Yup. Make sure the recipient knows when you’re sending the message though, since it will undoubtedly get caught by the spam filter.

Programming Praxis – The Playfair Cipher

July 3, 2009

Today’s Programming Praxis problem is about the Playfair Cipher, a way of encrypting messages that was used in the first and second World Wars. Our target is 44 lines, so let’s get cracking.

We’re going to need a bunch of imports on this one:

import Data.Char
import Data.List
import Data.List.HT
import Data.List.Split
import qualified Data.Map as M

And for convenience, we make a type definition for Keys.

type Key = M.Map (Int, Int) Char

In order for the algorithm to work, we’re going to have to filter all the input so that all we get is capital letters without a J.

process :: String -> String
process = replace "J" "I" . map toUpper . filter isLetter

Instead of working with a block, we turn the key into a map of of x-y coordinates to letters. This makes the rest of the algorithm simpler.

key :: String -> Key
key = M.fromList . concat .
      zipWith (\y -> zipWith (\x c -> ((x, y), c)) [0..]) [0..] .
      chunk 5 . (`union` delete 'J' ['A'..'Z']) . nub . process

bigram encodes or decodes two letters at a time according to the three given rules.

bigram :: Key -> Int -> Char -> Char -> String
bigram k dir c1 c2
    | y1 == y2  = get (x1 + dir, y1) : [get (x2 + dir, y2)]
    | x1 == x2  = get (x1, y1 + dir) : [get (x2, y2 + dir)]
    | otherwise = get (x2, y1)       : [get (x1, y2)]
    where (x1, y1) = head . M.keys $ M.filter (== c1) k
          (x2, y2) = head . M.keys $ M.filter (== c2) k
          get (x,y) = k M.! (mod x 5, mod y 5)

Encoding consists of inserting Xs in the correct places and then encoding all the bigrams.

encode' :: Key -> String -> String
encode' _ []       = []
encode' k [x]      = encode' k (x : "X")
encode' k (x:y:xs) | x == y    = encode' k [x] ++ encode' k (y:xs)
                   | otherwise = bigram k 1 x y ++ encode' k xs

Decoding is simpler, since there are no special cases there.

decode' :: Key -> String -> String
decode' k = concatMap (\[x,y] -> bigram k (-1) x y) . chunk 2

And finally, two convenience functions so we can work with strings directly.

encode :: String -> String -> String
encode k = encode' (key k) . process

decode :: String -> String -> String
decode k = decode' (key k) . process

All that remains is to test if everything works correctly:

main :: IO ()
main = do print $ encode "PLAYFAIR" "PROGRAMMING PRAXIS"
          print $ decode "PLAYFAIR" "LIVOBLKZEDOELIYWCN"

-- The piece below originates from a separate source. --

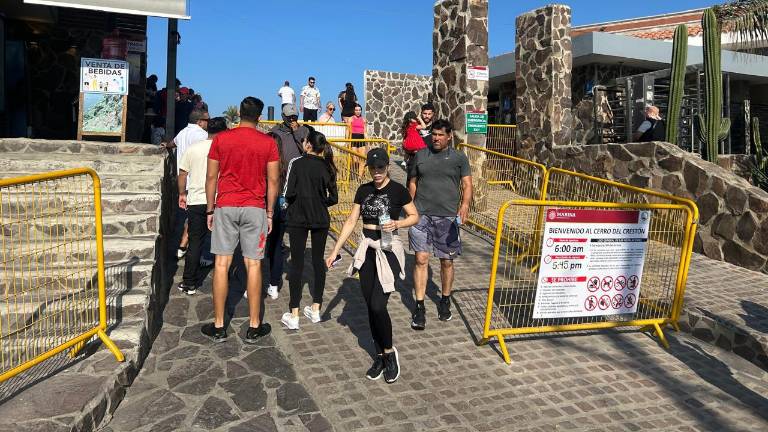 Desde muy temprano se podía apreciar a grupo de visitantes que arribaban a las faldas del Cerro del Crestón.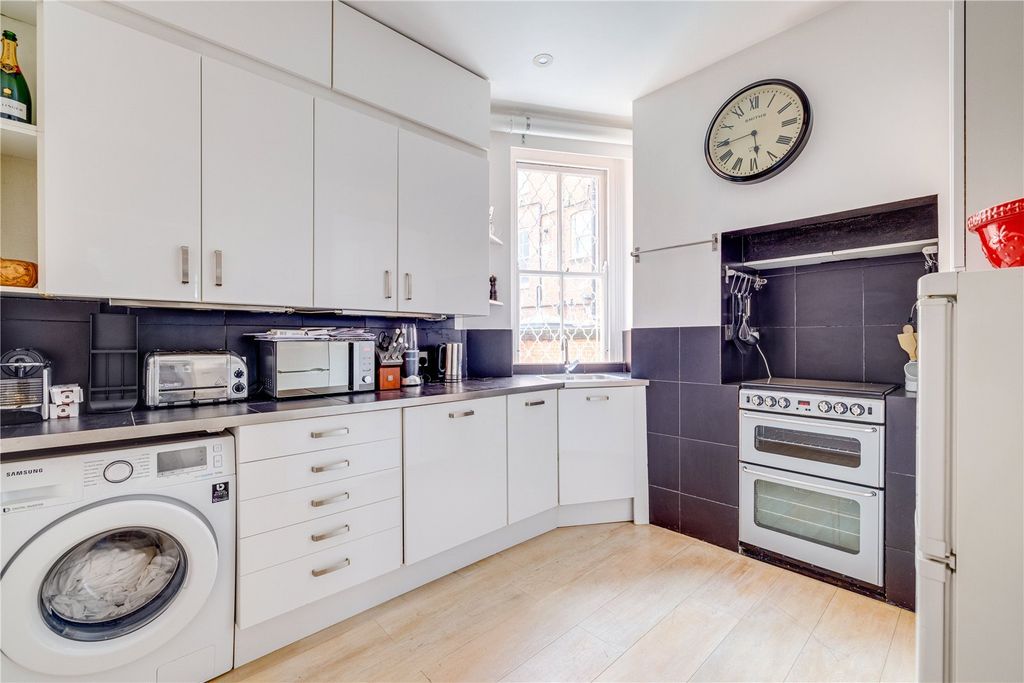 Property photo 2 of 9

And we’re done. Interestingly, if you try to decode the 1943 message, you’ll notice two errors in the result: it says Blackess instead of Blackett and coce instead of cove. I wonder if the errors were made by the original sender or by the first person to type it on a computer.

Anyway, the solution is 24 lines, just over half the size of the Scheme version. That will do nicely.